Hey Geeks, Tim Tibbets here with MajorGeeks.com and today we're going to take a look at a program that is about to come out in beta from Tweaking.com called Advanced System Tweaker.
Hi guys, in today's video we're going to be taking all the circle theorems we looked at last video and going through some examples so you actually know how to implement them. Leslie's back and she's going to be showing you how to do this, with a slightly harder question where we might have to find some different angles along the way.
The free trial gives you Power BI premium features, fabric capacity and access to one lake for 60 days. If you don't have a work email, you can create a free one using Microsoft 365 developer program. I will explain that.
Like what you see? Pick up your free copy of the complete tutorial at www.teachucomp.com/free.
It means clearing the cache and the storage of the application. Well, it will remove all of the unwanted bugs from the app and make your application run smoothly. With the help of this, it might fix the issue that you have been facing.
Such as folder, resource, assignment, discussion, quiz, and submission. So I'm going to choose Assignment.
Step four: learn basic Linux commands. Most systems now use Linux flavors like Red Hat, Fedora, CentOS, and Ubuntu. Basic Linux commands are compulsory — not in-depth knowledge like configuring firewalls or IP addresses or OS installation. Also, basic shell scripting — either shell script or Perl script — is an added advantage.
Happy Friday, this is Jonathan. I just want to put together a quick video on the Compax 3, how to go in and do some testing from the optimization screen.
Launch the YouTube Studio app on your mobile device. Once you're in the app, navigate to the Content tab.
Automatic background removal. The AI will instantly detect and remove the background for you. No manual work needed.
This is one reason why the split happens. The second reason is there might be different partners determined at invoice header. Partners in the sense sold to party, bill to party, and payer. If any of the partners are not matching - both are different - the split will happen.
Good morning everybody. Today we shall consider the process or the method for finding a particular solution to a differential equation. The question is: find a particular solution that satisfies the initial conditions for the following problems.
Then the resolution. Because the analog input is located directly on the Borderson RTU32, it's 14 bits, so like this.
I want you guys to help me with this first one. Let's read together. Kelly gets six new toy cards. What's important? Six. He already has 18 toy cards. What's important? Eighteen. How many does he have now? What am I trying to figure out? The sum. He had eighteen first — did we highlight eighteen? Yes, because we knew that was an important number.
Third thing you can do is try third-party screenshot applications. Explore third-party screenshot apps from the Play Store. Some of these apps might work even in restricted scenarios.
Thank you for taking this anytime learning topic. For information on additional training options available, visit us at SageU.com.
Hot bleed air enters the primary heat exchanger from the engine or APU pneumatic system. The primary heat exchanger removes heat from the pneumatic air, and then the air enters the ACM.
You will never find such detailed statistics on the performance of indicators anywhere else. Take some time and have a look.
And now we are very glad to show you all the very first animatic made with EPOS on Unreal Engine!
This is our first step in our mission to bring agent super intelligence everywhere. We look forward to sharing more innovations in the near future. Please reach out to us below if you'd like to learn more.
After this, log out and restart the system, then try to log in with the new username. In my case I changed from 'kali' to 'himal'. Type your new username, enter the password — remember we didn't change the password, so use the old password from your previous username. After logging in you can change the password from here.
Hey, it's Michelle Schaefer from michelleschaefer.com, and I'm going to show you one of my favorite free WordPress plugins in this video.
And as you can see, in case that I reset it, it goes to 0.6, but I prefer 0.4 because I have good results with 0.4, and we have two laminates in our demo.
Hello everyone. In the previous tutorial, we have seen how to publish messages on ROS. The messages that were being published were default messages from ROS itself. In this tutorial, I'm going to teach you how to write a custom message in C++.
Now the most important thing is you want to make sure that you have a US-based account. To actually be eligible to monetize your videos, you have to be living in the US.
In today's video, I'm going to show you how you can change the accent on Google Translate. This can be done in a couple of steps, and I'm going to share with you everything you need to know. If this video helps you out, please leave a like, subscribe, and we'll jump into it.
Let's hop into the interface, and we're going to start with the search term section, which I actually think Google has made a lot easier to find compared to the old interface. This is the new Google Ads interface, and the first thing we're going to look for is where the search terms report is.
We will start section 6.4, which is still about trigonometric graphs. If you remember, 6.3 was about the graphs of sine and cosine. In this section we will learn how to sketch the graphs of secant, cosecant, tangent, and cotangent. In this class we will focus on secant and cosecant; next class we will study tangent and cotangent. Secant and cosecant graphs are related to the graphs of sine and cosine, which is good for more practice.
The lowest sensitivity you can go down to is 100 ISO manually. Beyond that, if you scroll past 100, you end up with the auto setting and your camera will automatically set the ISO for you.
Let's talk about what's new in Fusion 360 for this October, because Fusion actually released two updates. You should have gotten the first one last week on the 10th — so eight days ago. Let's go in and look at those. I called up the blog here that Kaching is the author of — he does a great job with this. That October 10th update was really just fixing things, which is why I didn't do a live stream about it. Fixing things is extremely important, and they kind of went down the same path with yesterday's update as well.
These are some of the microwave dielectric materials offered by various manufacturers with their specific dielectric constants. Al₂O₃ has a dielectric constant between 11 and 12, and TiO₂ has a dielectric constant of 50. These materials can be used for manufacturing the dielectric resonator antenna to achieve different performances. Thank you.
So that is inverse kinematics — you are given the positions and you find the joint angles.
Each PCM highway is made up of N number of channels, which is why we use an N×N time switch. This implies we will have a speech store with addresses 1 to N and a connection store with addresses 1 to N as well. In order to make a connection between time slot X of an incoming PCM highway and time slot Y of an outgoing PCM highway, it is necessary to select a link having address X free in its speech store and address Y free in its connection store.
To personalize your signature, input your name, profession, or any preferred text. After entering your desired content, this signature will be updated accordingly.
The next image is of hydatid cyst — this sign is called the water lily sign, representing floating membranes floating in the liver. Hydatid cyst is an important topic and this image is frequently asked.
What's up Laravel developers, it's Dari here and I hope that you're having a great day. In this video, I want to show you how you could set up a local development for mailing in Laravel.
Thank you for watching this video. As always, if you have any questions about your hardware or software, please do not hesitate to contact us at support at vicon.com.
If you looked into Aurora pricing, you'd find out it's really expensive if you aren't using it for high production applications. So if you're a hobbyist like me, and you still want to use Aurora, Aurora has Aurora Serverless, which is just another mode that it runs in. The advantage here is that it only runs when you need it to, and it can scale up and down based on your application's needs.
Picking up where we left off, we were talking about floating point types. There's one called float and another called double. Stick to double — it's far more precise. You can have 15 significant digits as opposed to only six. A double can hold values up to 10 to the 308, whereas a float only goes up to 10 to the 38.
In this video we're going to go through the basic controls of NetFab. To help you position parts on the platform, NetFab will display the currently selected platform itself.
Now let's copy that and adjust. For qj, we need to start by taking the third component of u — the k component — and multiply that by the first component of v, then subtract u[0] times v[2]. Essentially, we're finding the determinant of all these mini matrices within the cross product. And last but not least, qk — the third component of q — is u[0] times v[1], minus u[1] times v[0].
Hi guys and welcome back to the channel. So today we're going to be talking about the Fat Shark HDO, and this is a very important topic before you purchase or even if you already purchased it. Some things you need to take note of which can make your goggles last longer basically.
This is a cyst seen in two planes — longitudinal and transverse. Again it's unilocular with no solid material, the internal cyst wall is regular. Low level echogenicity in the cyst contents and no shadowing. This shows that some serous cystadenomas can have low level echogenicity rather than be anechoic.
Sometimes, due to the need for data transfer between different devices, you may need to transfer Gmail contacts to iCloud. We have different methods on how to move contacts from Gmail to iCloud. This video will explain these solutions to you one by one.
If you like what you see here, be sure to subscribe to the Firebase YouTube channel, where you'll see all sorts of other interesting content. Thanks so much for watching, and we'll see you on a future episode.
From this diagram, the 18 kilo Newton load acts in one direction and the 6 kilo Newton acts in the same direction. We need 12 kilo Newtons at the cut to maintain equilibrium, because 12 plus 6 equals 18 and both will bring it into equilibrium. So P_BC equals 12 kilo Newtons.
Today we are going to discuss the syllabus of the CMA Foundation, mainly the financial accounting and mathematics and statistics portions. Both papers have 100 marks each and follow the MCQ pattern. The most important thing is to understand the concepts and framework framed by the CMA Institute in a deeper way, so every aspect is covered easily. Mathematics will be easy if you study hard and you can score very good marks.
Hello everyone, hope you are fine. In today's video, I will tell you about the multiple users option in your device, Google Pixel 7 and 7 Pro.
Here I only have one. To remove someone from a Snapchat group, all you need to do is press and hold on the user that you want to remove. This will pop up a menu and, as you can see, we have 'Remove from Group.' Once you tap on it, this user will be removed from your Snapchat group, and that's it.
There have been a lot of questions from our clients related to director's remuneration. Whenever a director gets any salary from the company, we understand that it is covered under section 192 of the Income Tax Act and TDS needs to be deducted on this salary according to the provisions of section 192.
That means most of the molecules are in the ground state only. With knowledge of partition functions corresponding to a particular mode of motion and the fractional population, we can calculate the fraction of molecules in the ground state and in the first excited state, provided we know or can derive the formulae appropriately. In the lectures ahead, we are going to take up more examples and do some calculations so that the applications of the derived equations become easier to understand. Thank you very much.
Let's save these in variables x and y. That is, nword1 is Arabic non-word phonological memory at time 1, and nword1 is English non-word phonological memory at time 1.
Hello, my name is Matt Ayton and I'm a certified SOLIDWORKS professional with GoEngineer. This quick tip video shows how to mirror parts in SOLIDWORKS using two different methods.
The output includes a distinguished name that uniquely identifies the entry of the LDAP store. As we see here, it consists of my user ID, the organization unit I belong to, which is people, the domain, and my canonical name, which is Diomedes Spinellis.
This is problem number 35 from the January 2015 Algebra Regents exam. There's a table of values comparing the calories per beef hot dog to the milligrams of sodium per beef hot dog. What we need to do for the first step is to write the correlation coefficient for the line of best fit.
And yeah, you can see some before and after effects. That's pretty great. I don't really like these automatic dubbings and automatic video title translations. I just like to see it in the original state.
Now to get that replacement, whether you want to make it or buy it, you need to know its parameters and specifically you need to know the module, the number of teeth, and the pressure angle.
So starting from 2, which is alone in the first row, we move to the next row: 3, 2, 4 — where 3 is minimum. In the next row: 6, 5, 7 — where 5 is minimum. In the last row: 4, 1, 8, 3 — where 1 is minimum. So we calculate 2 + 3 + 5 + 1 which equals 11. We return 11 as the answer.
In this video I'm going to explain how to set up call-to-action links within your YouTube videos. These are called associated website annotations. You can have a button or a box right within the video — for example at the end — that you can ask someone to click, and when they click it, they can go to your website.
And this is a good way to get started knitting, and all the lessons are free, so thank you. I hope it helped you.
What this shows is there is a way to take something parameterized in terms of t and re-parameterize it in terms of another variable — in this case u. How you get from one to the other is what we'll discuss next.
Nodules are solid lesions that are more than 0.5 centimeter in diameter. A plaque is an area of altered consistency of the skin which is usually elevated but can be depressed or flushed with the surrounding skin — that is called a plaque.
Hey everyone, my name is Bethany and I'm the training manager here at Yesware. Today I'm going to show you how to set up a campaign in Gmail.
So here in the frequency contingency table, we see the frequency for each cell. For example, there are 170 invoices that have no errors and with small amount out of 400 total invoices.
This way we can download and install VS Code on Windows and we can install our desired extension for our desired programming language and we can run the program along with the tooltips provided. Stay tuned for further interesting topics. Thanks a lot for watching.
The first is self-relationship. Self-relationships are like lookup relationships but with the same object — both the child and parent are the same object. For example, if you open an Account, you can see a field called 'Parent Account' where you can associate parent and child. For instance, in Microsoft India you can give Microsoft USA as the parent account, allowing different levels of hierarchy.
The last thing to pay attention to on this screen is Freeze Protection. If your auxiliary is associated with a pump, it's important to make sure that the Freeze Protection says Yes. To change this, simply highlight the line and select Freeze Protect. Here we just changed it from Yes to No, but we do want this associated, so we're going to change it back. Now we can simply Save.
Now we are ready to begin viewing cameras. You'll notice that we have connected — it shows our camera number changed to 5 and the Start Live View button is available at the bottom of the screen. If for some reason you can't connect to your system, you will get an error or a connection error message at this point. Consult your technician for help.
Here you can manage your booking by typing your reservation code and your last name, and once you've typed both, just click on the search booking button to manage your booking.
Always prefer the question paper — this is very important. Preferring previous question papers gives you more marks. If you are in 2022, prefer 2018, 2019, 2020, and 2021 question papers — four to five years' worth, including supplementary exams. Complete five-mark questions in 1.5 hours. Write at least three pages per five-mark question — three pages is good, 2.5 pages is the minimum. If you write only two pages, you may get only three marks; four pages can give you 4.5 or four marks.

—————

* [Work request]:
Reproducing the whole listing above is not the task. Copy exactly only the lines from the one with "And yeah, you" to the one with "Now to get that", both kept.

* [Exercise response]:
And yeah, you can see some before and after effects. That's pretty great. I don't really like these automatic dubbings and automatic video title translations. I just like to see it in the original state.
Now to get that replacement, whether you want to make it or buy it, you need to know its parameters and specifically you need to know the module, the number of teeth, and the pressure angle.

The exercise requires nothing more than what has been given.